Redonner une voix aux millions d’artisanaux
Prenant la parole, Me Patient Bashombe Matabishi a insisté sur la nécessité de redonner une place centrale aux acteurs du secteur artisanal, soulignant que ce dernier regorge de millions de Congolais qui contribuent à la survie des communautés. Il a relevé l’absence jusque-là d’un cadre structuré permettant au ministre des Mines d’interagir directement avec ces acteurs, contrairement au secteur industriel, estimant que ce forum vient combler ce vide. Il a également plaidé pour un accompagnement accru des coopératives afin de faciliter leur formalisation, leur accès aux financements et leur modernisation vers une exploitation semi-industrielle.

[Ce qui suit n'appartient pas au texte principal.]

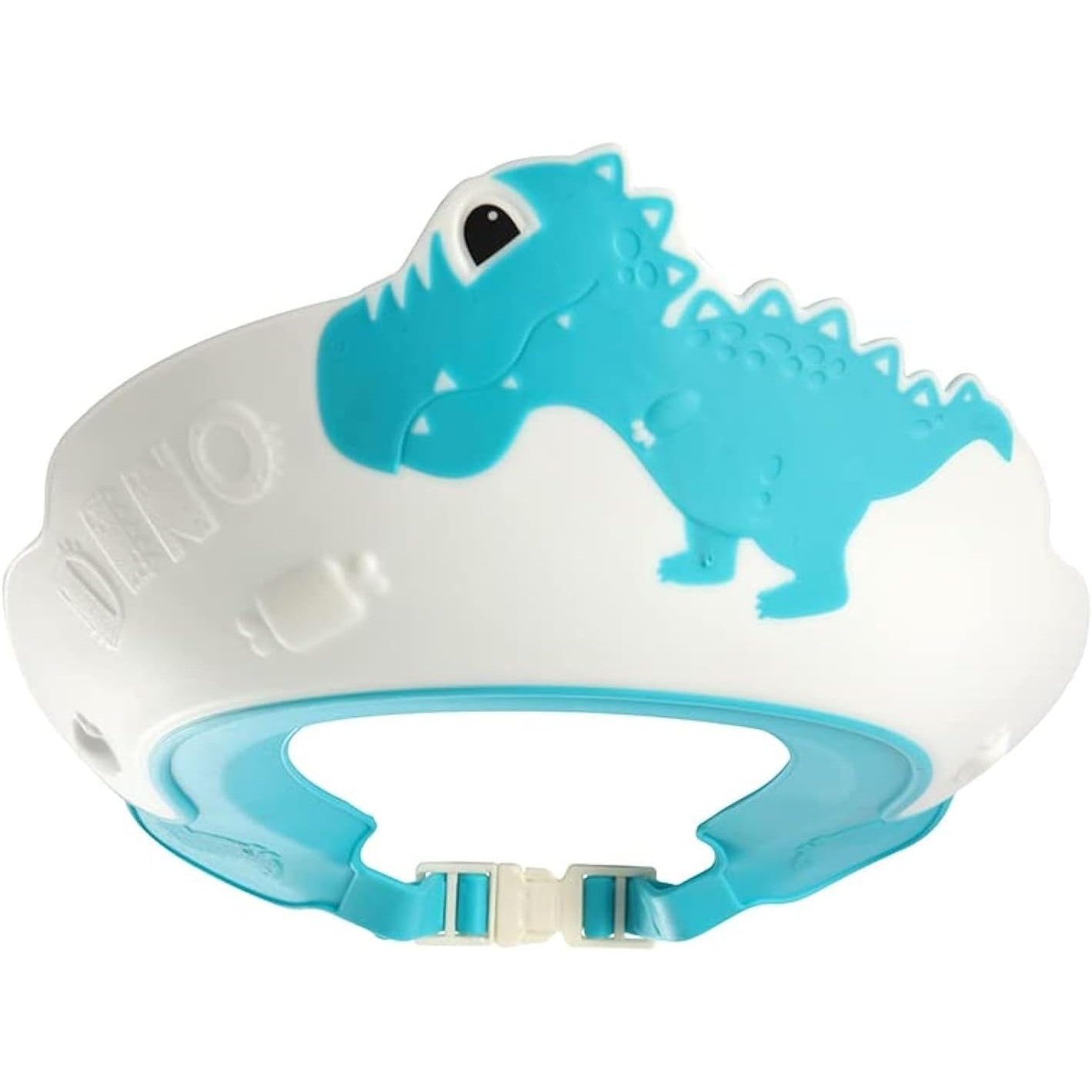 Viziera de Protectie Baie Pentru Copii, Fippy, Model Dinozaur, Dimensiune ajustabila, Durabil, Usor de curatat,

Évoquant les conditions de travail dans certaines zones minières, il a dénoncé les drames humains liés à des exploitations non encadrées, citant notamment les événements survenus à Rubaya, tout en condamnant les violences attribuées aux groupes rebelles et l’agression rwandaise. Pour lui, l’amélioration des conditions de sécurité des creuseurs artisanaux doit figurer parmi les priorités issues de ce forum.
Dans son mot de bienvenue, Patient Bashombe Matabishi a également rappelé que, malgré son immense richesse minière, la RDC continue de faire face à des défis majeurs tels que la pauvreté dans les zones minières, les conflits locaux et la marginalisation des communautés.
Il a souligné que les coopératives minières, lorsqu’elles sont bien structurées et transparentes, peuvent devenir des instruments efficaces d’organisation du travail, de protection des creuseurs, de création de valeur locale et de stabilisation des communautés.
«Nous sommes convaincus que les coopératives minières constituent un maillon essentiel dans le processus de formalisation de l’exploitation minière artisanale. Lorsqu’elles sont bien structurées, transparentes et correctement accompagnées, elles peuvent devenir de véritables instruments d’organisation du travail, de protection des creuseurs artisanaux, de création de valeur locale et de stabilisation des communautés», a déclaré Me Patient Bashombe.
De son côté, le ministre des Mines Louis Watum Kabamba a réaffirmé l’engagement du gouvernement à faire de l’exploitation artisanale un véritable levier de développement. Il a insisté sur la nécessité de formaliser le secteur, de lutter contre la fraude, de professionnaliser les coopératives et de promouvoir la transformation locale des minerais. Appelant à une mobilisation collective, il a plaidé pour la construction d’un secteur minier artisanal structuré, transparent et véritablement au service des Congolais.
Le Comité de crise pour la paix et la sécurité en RDC qui est la société civile en collaboration avec les pouvoirs publics, entend ainsi jeter les bases d’une gouvernance minière plus inclusive, capable de répondre aux défis du secteur artisanal et de transformer cette richesse en véritable moteur de développement économique et social pour le pays.